Das Frühlingsfest

Sonntag, 02.02.2014

 

 

Vor kurzem ist hier das neue Jahr auf Pferdehufen hinein galoppiert und wie! Das Frühlingfest (also das chinesische Neujahr) ist das wichtigste Fest der Chinesen und sie feiern es mit zwei Sachen, die den Chinesen wichtig sind: Familie und Essen.

Die chinesischen Verkehrsverhältnisse entwickeln sich von schlecht zu katastrophal in der Zeit um das Fest herum- immerhin besucht zu dieser Zeit jeder gute Chinese seine Familie. Was heißt, dass ganz China auf den Beinen ist (wer kein Flugzeug oder Zugticket mehr bekommt: kein Problem, die paar tausend Kilometer mit dem Motorrad ist ja ein Klacks) und ich mal den generellen Reisetipp gebe, als Ausländer in dieser Zeit an Ort und Stelle zu bleiben.

Schon Tage vor Neujahr knallen Feuerwerkskörper und damit meine ich nicht die lächerlich kleinen, die man in Deutschland zu Sylvester in die Luft pustet, sondern welche mit ordentlich Sprengkraft. Marie hatte das wichtigste Fest des chinesischen Kalenders natürlich vollkommen vergessen. Das laute Geräusch, das entsteht, wenn man einen Handgranaten-ähnlichen Feuerwerkskörper mit der verstärkenden Akustik der vielen Hochhäuser kombiniert, rief ihr dieses Ereignis wieder in Erinnerung. Dieses Aha-Erlebnis fand in der Küche statt, in die sie panisch gerannt war, während sie abwechseln Erdbeben-Sicherheitsmaßnahmen und den eventuellen Ausbruch des dritten Weltkrieges kontemplierte.
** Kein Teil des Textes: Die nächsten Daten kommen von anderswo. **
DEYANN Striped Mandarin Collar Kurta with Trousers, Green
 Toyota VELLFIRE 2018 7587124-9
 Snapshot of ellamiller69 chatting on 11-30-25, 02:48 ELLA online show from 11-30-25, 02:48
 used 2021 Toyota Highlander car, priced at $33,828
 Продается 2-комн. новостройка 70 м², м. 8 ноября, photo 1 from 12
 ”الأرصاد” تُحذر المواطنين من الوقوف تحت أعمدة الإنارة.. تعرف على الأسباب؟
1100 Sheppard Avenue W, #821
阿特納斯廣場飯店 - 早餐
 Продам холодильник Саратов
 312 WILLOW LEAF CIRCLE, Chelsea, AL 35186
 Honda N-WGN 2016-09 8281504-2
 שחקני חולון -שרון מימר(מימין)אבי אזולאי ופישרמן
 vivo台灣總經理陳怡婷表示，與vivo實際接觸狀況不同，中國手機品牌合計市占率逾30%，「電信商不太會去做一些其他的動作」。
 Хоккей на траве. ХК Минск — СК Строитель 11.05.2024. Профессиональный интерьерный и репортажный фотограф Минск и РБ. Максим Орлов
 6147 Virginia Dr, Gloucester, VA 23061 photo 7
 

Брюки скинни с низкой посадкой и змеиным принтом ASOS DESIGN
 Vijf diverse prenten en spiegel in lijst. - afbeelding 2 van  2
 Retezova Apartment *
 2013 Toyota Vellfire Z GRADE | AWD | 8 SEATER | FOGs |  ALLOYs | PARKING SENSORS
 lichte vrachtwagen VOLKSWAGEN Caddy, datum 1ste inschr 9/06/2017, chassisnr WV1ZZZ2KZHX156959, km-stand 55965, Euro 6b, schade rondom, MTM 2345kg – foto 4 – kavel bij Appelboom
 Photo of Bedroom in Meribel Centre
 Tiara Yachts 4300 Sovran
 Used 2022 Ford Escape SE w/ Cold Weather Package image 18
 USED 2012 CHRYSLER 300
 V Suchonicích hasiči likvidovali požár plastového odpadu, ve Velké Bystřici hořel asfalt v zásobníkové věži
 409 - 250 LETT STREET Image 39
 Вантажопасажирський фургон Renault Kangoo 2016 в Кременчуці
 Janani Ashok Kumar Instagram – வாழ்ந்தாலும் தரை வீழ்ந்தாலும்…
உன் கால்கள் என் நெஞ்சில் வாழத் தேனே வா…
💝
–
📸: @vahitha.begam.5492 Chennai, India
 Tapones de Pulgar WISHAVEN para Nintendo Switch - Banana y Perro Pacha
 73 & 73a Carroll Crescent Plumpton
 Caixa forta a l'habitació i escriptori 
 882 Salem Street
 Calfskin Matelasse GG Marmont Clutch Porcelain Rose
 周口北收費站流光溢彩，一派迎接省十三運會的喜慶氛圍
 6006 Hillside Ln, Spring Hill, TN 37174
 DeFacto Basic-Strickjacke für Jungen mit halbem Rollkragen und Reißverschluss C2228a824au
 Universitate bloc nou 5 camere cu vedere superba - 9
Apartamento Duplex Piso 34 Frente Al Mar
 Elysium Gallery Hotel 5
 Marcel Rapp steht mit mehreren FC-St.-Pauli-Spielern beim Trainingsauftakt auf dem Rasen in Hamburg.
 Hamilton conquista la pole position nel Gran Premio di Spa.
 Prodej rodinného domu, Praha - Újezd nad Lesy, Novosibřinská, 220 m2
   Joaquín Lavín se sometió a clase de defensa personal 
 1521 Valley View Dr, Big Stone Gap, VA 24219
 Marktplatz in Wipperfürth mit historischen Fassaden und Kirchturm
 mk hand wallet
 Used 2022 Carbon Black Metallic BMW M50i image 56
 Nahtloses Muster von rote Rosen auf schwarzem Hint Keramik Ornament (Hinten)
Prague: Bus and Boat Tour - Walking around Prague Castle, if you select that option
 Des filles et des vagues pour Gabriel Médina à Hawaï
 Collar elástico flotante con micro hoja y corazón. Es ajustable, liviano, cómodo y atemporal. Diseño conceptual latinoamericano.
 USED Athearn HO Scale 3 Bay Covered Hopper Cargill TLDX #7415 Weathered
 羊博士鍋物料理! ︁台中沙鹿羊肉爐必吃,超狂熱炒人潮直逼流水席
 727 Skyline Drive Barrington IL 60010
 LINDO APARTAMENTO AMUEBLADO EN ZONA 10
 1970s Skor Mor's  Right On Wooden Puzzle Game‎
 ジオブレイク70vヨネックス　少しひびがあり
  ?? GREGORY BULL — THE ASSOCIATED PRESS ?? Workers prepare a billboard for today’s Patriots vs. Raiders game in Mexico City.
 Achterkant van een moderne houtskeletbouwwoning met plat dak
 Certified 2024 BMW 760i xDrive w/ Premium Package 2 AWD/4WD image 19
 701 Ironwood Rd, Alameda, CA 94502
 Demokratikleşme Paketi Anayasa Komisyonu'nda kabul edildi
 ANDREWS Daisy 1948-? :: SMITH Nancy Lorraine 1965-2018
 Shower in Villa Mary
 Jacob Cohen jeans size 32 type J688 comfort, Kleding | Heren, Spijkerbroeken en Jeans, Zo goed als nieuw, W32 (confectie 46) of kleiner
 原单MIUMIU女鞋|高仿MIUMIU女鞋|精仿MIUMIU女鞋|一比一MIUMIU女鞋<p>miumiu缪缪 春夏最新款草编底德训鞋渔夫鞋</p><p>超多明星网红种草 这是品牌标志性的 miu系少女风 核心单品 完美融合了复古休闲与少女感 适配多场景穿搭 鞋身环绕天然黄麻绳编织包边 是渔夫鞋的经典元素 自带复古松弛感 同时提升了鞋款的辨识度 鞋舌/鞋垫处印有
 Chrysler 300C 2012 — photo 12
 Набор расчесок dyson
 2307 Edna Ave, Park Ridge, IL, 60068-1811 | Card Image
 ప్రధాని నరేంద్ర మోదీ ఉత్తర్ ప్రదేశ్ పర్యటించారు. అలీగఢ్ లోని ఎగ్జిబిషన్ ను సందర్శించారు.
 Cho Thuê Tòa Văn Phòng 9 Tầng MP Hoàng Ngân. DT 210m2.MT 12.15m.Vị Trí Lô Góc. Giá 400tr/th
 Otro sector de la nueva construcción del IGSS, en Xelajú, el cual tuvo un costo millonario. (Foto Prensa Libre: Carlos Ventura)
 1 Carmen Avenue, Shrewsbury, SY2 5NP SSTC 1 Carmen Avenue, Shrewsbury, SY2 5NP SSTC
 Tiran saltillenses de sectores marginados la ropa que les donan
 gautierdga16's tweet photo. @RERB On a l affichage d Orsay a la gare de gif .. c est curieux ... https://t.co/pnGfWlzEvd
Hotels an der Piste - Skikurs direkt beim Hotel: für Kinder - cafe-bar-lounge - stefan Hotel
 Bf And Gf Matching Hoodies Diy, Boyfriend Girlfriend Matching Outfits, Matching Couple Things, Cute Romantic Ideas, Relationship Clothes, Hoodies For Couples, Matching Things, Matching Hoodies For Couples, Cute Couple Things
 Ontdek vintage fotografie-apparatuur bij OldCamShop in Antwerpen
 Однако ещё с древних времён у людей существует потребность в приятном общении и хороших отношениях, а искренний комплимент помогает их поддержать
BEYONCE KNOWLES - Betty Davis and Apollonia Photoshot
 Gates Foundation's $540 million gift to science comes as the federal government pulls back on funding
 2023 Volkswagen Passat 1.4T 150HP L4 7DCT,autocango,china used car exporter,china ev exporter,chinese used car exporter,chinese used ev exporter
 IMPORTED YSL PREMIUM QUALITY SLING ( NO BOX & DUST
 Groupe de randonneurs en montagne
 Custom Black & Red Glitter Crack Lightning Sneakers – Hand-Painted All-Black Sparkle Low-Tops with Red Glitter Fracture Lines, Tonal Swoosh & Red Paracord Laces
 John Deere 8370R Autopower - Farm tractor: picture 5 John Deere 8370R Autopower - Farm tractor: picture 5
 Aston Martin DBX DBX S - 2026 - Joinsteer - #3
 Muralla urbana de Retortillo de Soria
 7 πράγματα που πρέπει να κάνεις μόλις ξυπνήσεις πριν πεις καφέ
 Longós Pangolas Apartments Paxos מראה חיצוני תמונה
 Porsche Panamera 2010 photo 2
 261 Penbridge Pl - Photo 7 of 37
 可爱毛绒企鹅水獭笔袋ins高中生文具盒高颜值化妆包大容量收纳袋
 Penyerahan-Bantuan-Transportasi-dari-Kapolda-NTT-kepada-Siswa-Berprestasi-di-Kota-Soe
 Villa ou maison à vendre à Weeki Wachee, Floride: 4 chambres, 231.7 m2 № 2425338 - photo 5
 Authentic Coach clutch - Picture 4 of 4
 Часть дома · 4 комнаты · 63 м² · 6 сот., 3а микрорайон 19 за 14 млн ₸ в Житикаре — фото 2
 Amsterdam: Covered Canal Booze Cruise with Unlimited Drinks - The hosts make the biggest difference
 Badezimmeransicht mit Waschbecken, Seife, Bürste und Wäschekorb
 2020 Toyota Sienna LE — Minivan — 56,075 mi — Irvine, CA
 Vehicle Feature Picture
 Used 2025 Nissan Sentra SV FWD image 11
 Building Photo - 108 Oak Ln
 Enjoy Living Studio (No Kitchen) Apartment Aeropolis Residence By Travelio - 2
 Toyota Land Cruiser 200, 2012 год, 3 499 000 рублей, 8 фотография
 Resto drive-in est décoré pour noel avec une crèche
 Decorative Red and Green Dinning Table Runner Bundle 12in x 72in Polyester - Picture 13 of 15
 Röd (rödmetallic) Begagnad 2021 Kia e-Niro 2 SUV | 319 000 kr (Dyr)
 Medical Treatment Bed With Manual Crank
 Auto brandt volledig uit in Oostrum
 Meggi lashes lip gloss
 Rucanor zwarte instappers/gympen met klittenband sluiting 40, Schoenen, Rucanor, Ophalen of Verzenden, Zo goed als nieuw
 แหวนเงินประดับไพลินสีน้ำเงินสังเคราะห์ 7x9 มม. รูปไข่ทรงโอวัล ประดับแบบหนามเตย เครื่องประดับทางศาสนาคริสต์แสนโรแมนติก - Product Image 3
Nun, es war nur der Anbruch eines neuen Jahres und das schlimmste, was mir an diesem Abend passierte, war mir das chinesische Fernsehprogramm anzusehen und mich mit Süßigkeiten vollzustopfen.

Die Neujahrsshow ist sehr populär und so eine Art Sylvestertradition. Sie bestand aus viel Singen und Tanzen (das natürlich mir perfekter Synchronität), einigen Sketchen und sehr, sehr vielen Pferdebildern. Ich habe die Familie gefragt, was denn z.B. im Jahr der Ratte gemacht wird, weil sich galoppierende Ratten ja nicht so majestätisch ausnehmen, aber die sehr interessante Antwort ist leider an der Sprachbarriere gescheitert.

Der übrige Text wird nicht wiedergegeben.